The current fight to cripple or kill the RFS looks like a last ditch effort, especially considering the fact that the advanced biofuels industry is on the verge of successful commercial-scale production. Tanda just doesn’t see critics winning the fight this year, especially with large-looming issues like Syria on the table, nor next year, an election year. And, once the industry is better established, which will be quite soon, why stamp it out? Especially since it’s very popular with farmers, who benefit from the estimated $20 plus million in revenue that is paid out for biomass feedstock to supply each cellulosic ethanol facility in production.

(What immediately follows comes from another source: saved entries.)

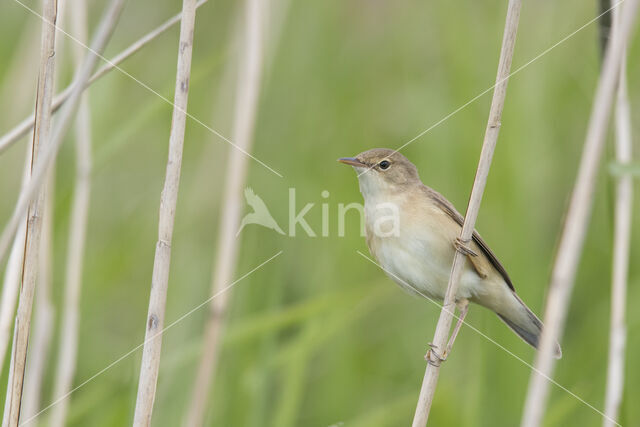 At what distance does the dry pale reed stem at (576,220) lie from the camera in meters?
1.81

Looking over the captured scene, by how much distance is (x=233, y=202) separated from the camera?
2365 mm

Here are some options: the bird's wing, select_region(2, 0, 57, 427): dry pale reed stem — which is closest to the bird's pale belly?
the bird's wing

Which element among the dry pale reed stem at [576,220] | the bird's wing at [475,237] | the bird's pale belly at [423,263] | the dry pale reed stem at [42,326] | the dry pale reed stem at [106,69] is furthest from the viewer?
the bird's pale belly at [423,263]

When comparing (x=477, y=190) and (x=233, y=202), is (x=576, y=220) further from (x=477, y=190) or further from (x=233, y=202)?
(x=233, y=202)

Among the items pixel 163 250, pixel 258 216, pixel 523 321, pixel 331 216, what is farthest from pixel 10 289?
pixel 523 321

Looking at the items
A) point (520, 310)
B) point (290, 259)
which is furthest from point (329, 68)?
point (520, 310)

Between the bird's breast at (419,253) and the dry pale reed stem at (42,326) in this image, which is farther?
the bird's breast at (419,253)

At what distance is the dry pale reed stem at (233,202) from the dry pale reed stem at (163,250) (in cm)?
15

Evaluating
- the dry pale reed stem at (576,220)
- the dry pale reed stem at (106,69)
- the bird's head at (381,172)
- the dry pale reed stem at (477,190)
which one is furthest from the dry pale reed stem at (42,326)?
the dry pale reed stem at (576,220)

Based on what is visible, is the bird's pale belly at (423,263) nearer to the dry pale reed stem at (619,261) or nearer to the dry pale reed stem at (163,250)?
the dry pale reed stem at (619,261)

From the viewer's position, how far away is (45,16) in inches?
84.2

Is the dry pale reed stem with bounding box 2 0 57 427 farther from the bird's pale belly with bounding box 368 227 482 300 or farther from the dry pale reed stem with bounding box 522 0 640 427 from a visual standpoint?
the bird's pale belly with bounding box 368 227 482 300

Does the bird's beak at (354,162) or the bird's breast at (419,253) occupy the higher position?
the bird's beak at (354,162)

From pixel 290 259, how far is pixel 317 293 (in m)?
0.40
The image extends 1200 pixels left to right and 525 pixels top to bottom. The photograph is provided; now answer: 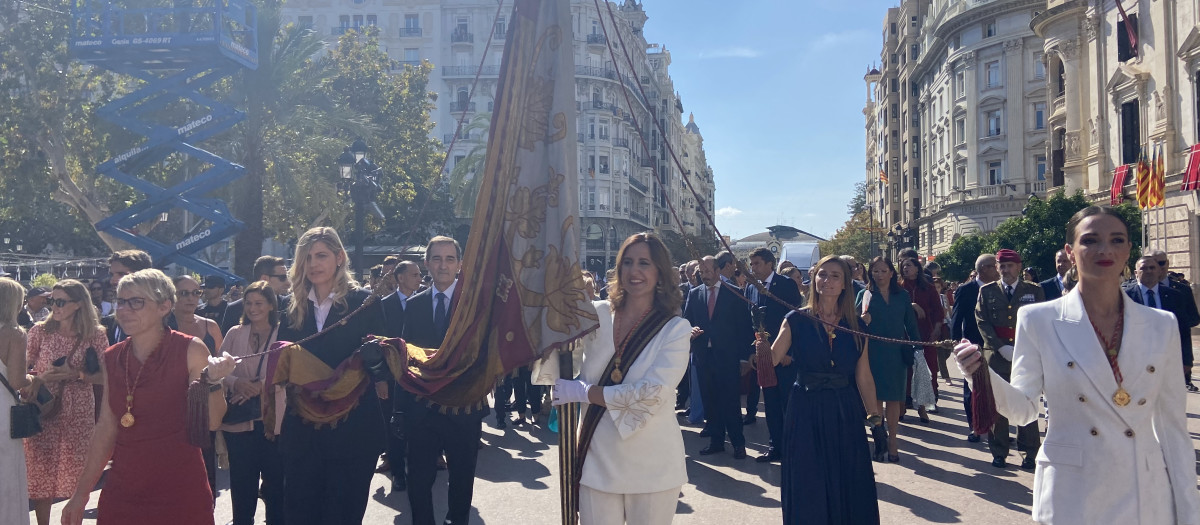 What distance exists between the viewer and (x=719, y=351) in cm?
868

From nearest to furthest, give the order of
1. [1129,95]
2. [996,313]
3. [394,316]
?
[394,316] < [996,313] < [1129,95]

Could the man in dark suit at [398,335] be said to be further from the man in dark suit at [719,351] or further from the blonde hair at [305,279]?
the man in dark suit at [719,351]

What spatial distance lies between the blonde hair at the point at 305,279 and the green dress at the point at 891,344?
5.04 m

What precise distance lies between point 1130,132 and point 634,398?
97.1ft

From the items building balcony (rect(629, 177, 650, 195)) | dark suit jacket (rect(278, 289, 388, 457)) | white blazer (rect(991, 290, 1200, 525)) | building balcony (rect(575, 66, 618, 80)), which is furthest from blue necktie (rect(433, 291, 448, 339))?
building balcony (rect(629, 177, 650, 195))

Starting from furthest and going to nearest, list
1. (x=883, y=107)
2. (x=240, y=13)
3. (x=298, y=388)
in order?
(x=883, y=107), (x=240, y=13), (x=298, y=388)

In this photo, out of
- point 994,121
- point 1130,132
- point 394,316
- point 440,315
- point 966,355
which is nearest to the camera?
point 966,355

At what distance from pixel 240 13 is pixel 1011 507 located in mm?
19283

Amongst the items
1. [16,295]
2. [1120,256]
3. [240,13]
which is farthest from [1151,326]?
[240,13]

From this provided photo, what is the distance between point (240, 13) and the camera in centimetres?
2009

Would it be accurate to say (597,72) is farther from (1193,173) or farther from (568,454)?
(568,454)

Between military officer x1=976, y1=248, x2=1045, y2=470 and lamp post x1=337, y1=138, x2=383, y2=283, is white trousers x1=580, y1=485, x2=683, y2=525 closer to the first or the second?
military officer x1=976, y1=248, x2=1045, y2=470

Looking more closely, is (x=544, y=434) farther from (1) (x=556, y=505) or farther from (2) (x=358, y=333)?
(2) (x=358, y=333)

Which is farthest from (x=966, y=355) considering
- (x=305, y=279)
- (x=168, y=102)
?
(x=168, y=102)
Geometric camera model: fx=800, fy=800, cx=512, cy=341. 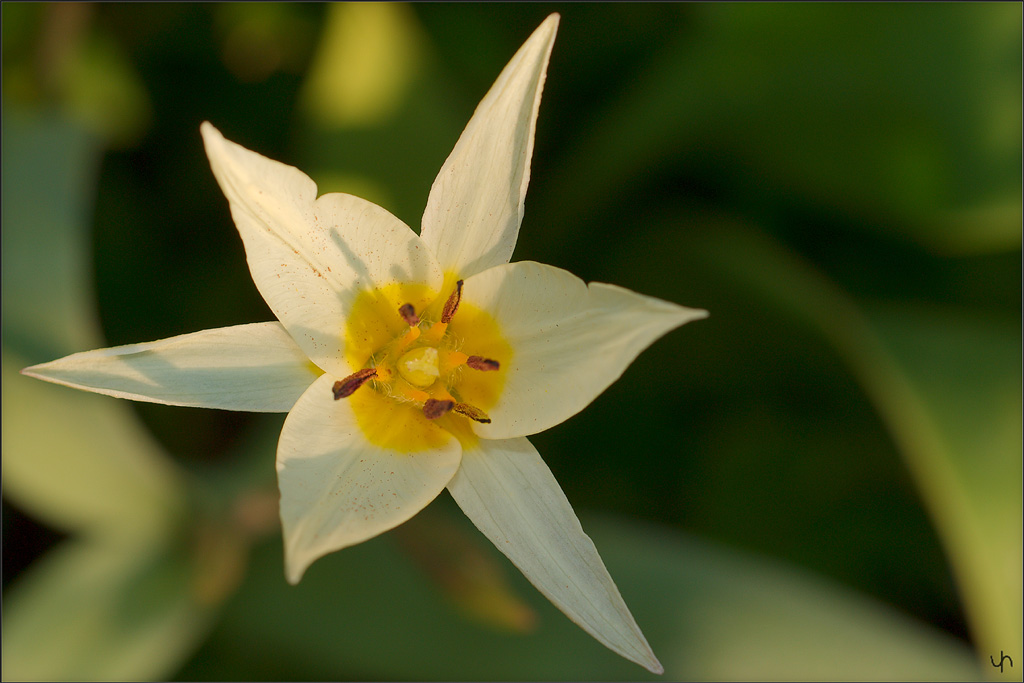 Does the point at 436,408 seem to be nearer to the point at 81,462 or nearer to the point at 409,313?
the point at 409,313

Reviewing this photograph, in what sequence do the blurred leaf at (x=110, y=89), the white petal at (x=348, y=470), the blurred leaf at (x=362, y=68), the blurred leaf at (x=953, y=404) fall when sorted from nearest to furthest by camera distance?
A: the white petal at (x=348, y=470)
the blurred leaf at (x=953, y=404)
the blurred leaf at (x=362, y=68)
the blurred leaf at (x=110, y=89)

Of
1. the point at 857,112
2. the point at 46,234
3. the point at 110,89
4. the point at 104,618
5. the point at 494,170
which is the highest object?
the point at 857,112

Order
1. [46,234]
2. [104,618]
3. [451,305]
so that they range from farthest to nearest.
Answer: [46,234]
[104,618]
[451,305]

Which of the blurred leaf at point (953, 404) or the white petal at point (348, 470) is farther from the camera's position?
the blurred leaf at point (953, 404)

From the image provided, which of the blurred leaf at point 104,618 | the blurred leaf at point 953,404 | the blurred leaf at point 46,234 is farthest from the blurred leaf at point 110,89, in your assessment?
the blurred leaf at point 953,404

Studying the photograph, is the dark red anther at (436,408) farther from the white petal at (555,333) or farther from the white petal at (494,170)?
the white petal at (494,170)

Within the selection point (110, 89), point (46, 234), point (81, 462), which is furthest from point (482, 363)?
point (110, 89)

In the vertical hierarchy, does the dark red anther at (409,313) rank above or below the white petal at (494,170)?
below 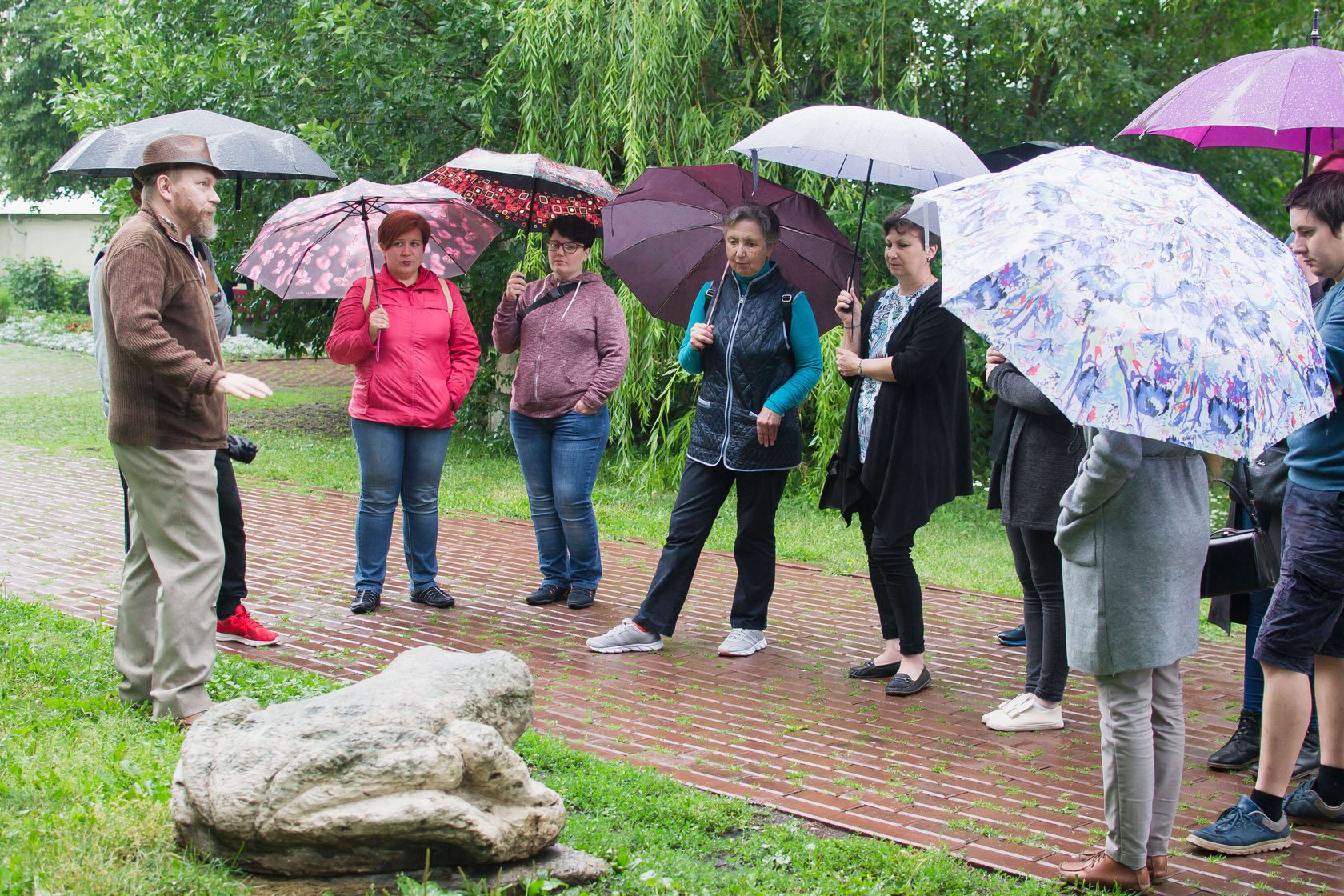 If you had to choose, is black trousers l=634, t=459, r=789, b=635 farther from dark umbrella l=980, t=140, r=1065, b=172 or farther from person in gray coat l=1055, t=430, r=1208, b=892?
dark umbrella l=980, t=140, r=1065, b=172

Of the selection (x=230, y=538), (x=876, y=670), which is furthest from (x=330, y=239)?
(x=876, y=670)

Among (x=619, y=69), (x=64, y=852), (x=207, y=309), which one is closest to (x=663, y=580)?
(x=207, y=309)

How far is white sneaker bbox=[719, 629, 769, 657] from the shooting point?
6.12 m

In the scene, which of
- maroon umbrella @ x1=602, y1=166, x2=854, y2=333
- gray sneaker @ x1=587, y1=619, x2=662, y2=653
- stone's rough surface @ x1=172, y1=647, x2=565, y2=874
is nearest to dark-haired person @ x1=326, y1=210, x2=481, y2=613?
maroon umbrella @ x1=602, y1=166, x2=854, y2=333

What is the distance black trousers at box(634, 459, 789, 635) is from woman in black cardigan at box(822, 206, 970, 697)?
0.41 meters

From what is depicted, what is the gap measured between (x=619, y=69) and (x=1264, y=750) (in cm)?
821

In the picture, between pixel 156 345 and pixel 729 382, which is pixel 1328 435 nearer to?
pixel 729 382

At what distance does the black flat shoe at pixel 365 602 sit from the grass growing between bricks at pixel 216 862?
192 cm

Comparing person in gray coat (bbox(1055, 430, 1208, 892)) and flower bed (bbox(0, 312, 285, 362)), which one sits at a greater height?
person in gray coat (bbox(1055, 430, 1208, 892))

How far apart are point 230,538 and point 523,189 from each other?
267 centimetres

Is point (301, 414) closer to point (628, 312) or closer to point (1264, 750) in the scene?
point (628, 312)

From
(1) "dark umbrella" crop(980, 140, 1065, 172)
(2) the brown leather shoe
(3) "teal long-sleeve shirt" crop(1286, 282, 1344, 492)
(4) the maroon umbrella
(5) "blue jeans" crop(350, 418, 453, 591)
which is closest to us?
(2) the brown leather shoe

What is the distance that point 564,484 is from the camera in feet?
22.4

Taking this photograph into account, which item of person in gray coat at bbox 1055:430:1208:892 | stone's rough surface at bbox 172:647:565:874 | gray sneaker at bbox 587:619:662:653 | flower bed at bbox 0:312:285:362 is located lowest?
flower bed at bbox 0:312:285:362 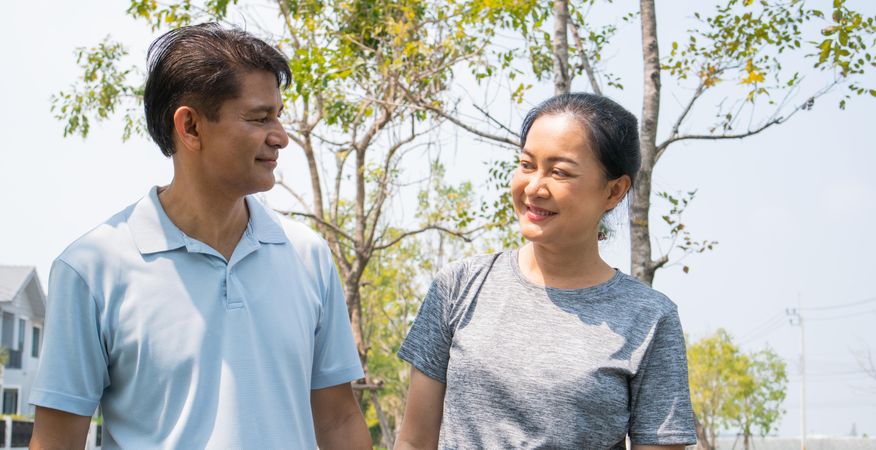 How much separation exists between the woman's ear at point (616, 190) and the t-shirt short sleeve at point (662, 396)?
31cm

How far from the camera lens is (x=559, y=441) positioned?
7.62 feet

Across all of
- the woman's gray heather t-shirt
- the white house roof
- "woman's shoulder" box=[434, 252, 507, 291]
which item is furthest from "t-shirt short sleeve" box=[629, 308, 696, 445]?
the white house roof

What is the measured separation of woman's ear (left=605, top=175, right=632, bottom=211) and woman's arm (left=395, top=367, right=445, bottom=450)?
61 centimetres

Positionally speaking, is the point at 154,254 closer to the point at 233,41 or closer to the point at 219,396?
the point at 219,396

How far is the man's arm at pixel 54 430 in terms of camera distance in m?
2.24

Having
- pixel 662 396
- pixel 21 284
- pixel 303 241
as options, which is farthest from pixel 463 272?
pixel 21 284

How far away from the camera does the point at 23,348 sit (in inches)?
1254

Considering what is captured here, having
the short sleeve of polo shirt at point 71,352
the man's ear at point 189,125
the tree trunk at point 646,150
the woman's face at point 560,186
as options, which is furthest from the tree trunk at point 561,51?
the short sleeve of polo shirt at point 71,352

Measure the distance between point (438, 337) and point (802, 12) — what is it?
5.72m

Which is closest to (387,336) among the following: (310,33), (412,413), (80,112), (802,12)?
(80,112)

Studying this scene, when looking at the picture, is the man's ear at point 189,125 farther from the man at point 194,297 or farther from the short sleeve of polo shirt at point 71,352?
the short sleeve of polo shirt at point 71,352

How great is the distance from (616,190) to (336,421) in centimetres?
93

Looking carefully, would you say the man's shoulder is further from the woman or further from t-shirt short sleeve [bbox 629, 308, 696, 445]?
t-shirt short sleeve [bbox 629, 308, 696, 445]

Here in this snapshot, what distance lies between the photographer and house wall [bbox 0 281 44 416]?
3059 cm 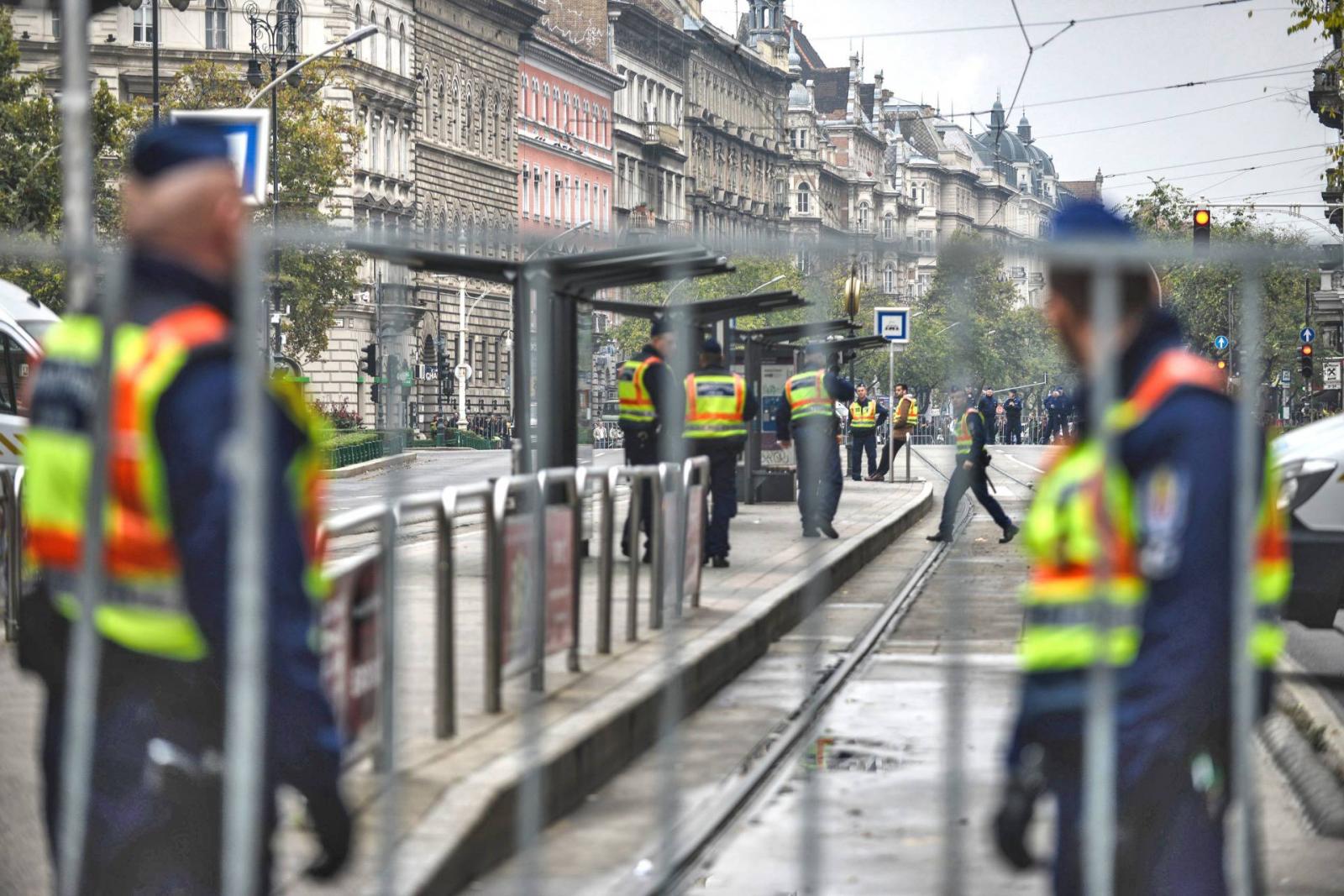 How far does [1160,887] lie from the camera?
153 inches

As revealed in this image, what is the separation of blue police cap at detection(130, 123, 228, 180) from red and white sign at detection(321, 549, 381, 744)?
3.40 ft

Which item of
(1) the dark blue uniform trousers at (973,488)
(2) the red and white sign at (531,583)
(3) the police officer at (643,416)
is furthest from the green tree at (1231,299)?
(3) the police officer at (643,416)

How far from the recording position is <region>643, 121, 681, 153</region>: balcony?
10062 cm

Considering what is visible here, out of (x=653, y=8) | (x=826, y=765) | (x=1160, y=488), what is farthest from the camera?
(x=653, y=8)

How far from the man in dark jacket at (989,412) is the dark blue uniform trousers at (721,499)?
37.5 feet

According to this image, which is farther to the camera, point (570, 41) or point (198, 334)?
point (570, 41)

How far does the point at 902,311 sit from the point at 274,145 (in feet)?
138

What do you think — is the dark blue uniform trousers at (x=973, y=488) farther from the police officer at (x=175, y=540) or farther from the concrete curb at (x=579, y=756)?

But that doesn’t mean DSM is sitting back, waiting for critics to fail. Remember where he was when we talked? That’s right, in Washington, D.C., educating lawmakers. He feels there’s really no way biofuel industry supporters could spend too much time talking to their elected representatives, making sure they understand the benefits of biofuels.  “We have to admit this is kind of a David and Goliath battle,” he said. “The oil industry spends, I think around $120 million a year to lobby Congress and I think the renewable fuel industry spends about $4 million a year.”

That’s why biofuels’ positive story needs to be told, over and over. Such as the 90 percent reduction in greenhouse gas emissions for every gallon of cellulosic ethanol produced. Biofuels reduces the nation’s dependence on foreign oil, brings in new revenue for farmers and creates direct and indirect jobs. “This is good for rural America, it’s good for farmers, it’s good for the country and it’s good for the environment,” he said. 

 

2 Responses

  1. GregS

    2013-09-18

    1

    About time they got cellulosic ethanol off the ground! Maybe we can soon start transitioning off corn ethanol.

  2. Alex Kovnat

    2013-09-22

    2

    Here's a site all who are interested in the science and technology of non-corn ethanol, should see: http://blogs.smithsonianmag.com/smartnews/2013/09/this-guys-stomach-made-its-own-beer/?utm_source=smithsoniantopic&utm_medium=email&utm_campaign=20130922-Weekender. We should find out what's in that guy's stomach, and see if its possible to mimic it and use if for something useful.